● **WHAT IS BEING ASKED**
A word-for-word copy of the entries, with the images left out, is what you should write.

● **MATERIAL FOR THIS TASK**
----

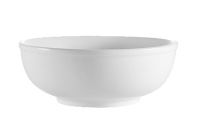 CACC-MB-8 48 oz. Menudo Bowl (Super White) - Clinton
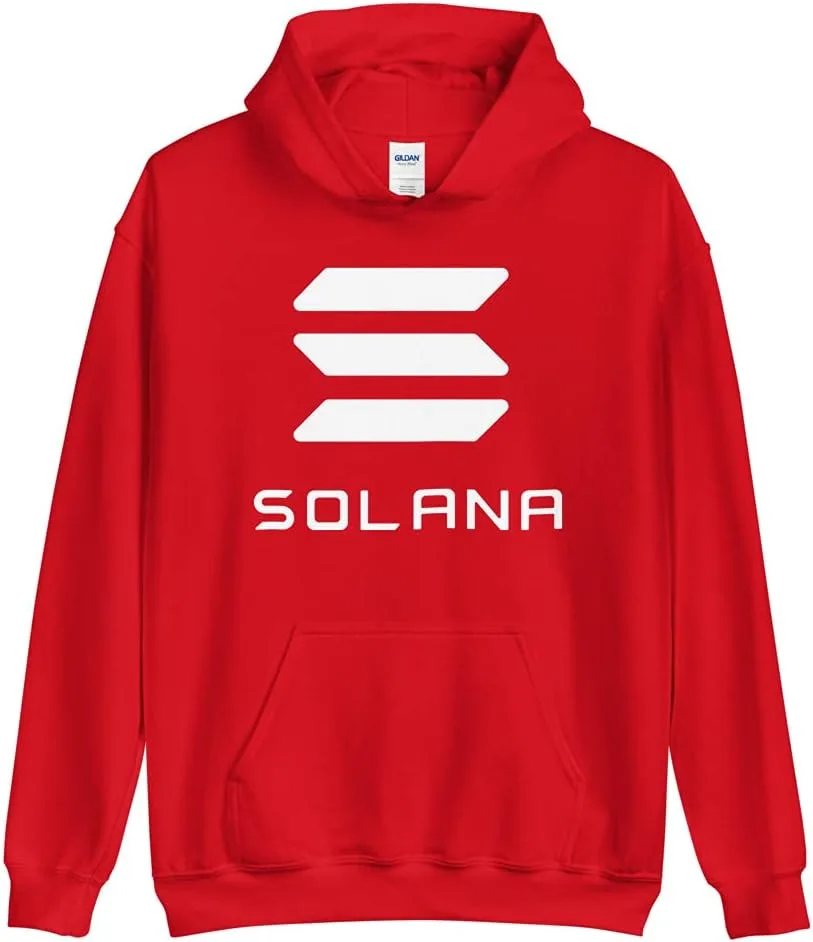 Толстовка Solana с капюшоном Hogue WS LLC
Толстовка Solana с капюшоном Hogue WS LLC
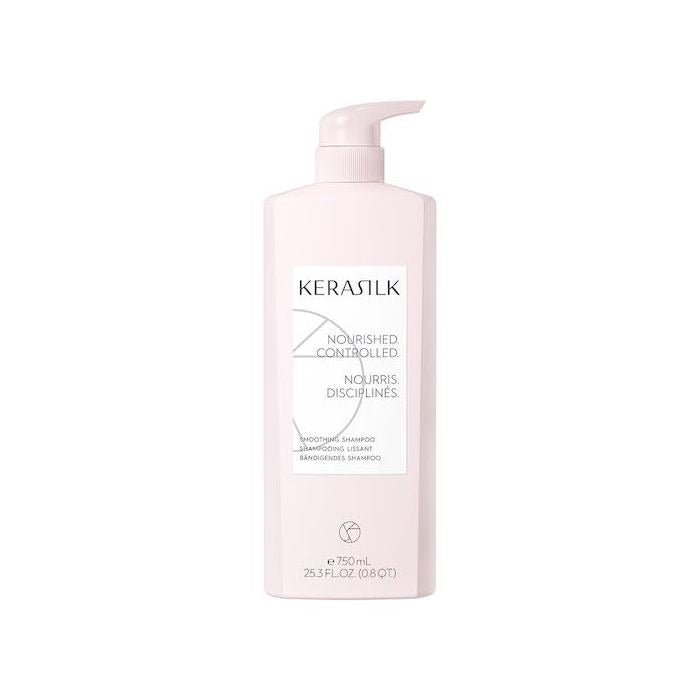 KERASILK SMOOTHING SHAMPOO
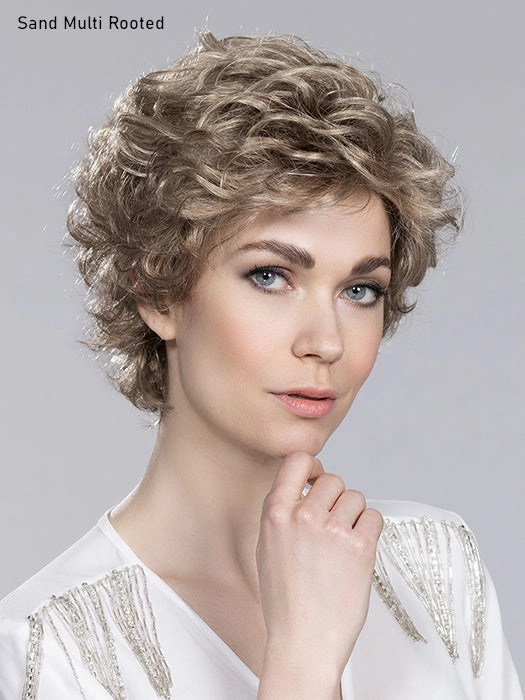 City Wig by Ellen Wille | Hair Power | Synthetic Fiber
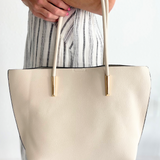 Jo Classic Tote with Inner Bag
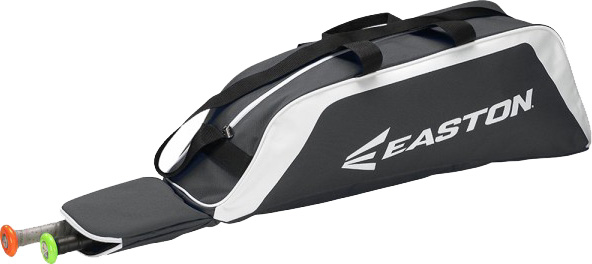 Easton E100T Tote Bag: Zwart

----

● **WRITTEN RESPONSE**
 CACC-MB-8 48 oz. Menudo Bowl (Super White) - Clinton
 Толстовка Solana с капюшоном Hogue WS LLC
Толстовка Solana с капюшоном Hogue WS LLC
 KERASILK SMOOTHING SHAMPOO
 City Wig by Ellen Wille | Hair Power | Synthetic Fiber
 Jo Classic Tote with Inner Bag
 Easton E100T Tote Bag: Zwart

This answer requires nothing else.